In Boston Harbor, on the other hand, the Court held that the Massachusetts Water Resources Authority, a state agency, acted as a market participant when it required contractors working on the clean-up of Boston Harbor to agree to the terms of a project labor agreement negotiated by a project construction manager and a labor union. The Court concluded that there was “no question but that [the state agency] was attempting to ensure an efficient project that would be completed as quickly and effectively as possible at the lowest cost.” 507 U.S. at 232, 113 S.Ct. 1190. The Court also noted that “the challenged action in this litigation was specifically tailored to one particular job, the Boston Harbor cleanup project,” and that there was no reason to believe that the government was motivated by anything but purely proprietary interests. Id.
We have applied these cases in a number of contexts, without formulating a general rule for applying the market participant exception. We held that the market participant exception did not apply to a California law that permitted employees in state-approved apprenticeship programs to receive less than the prevailing wage but required employees in non-approved apprenticeship programs to receive the prevailing wage.
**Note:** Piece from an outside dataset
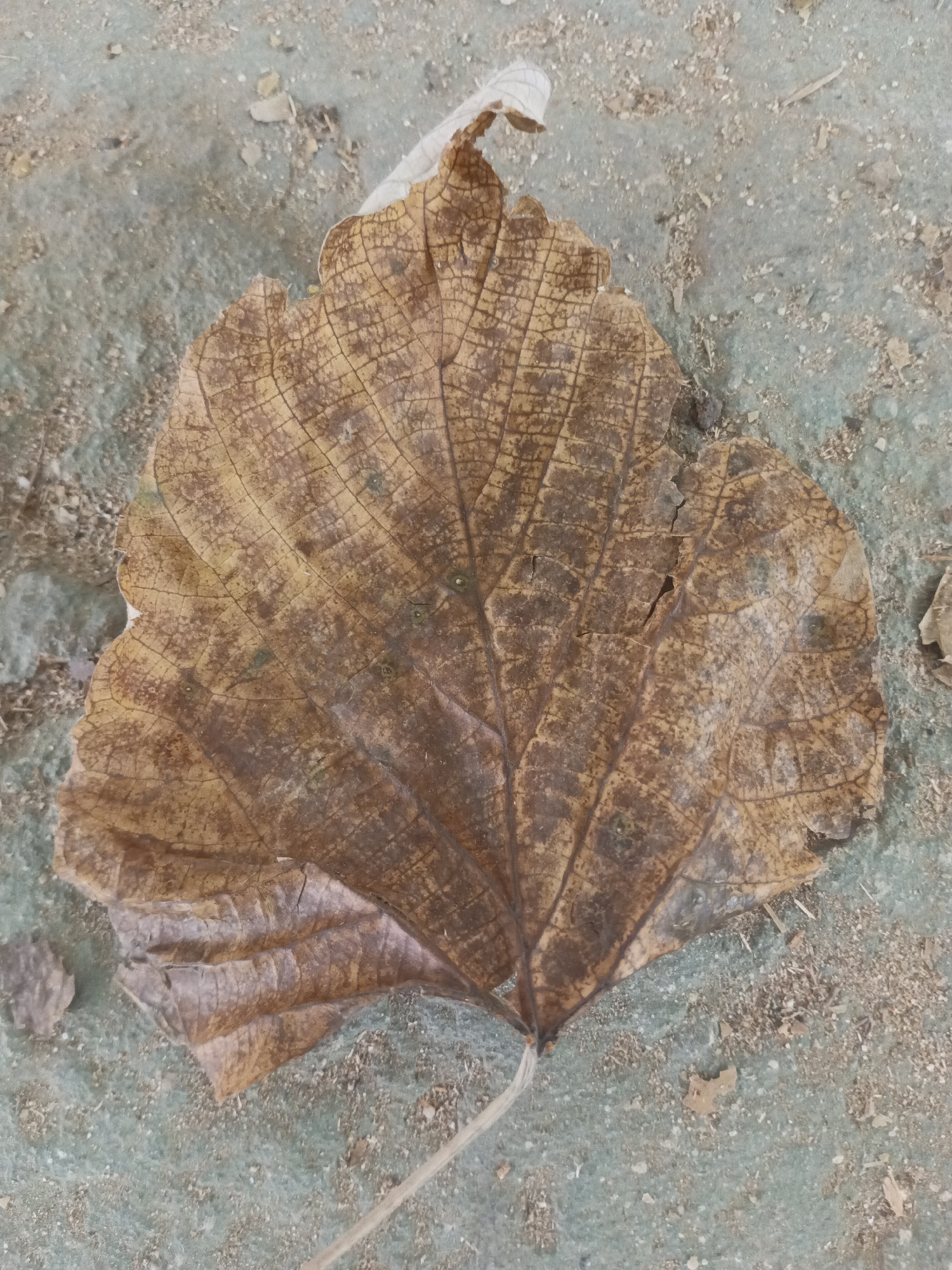 A single, large, brown, dried leaf lies on a dusty, light blue-gray surface, possibly concrete or pavement. The leaf is heart-shaped with a prominent central vein and a network of smaller veins radiating outwards. It has a wrinkled texture and some areas appear to be slightly torn or fragmented. The surface it rests on is uneven and scattered with small pebbles, dirt, and possibly wood shavings. A thin, light-colored stem extends from the bottom of the leaf. The image is taken from a top-down perspective. This scene is located in Dupi, Indonesia.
See Dillingham, 190 F.3d at 1037-38 (noting that the apprenticeship standards were not “based upon unique needs that the … project presented” and that the state was not motivated by “management concerns” in implementing the standards). On the other hand, we applied the exception and held that the City of Oakland was a market participant when it canceled a newspaper subscription and refused to continue to pay for advertising during a labor dispute. Alameda Newspapers, Inc. v. City of Oakland, 95 F.3d 1406, 1415-16 (9th Cir.1996). We have also held that a city may require private contractors to adhere to the terms of a collective bargaining agreement when doing business with the city. Assoc. Builders & Contractors, Inc. v. City of Seward, 966 F.2d 492, 496 (9th Cir.1992).4
The combined teaching of these cases is that when a state uses its spending power to shape the overall labor market in a manner that is essentially nonproprietary, the market participant exception will not apply and the state action may be subject to NLRA preemption. We draw upon the reasoning of the Fifth Circuit, which uses a two-part test as an aid in determining when the market participant exception applies:
First, does the challenged action essentially reflect the entity’s own interest in the efficient procurement of needed goods and services, as measured by comparison with the typical behavior of private parties in similar circumstances? Second, does the narrow scope of the challenged action defeat an inference that its primary goal was to encourage a general policy rather than address a specific proprietary problem? Both questions seek to isolate a class of government interactions with the market that are so narrowly focused, and so in keeping with the ordinary behavior of private parties, that a regulatory impulse can be safely ruled out.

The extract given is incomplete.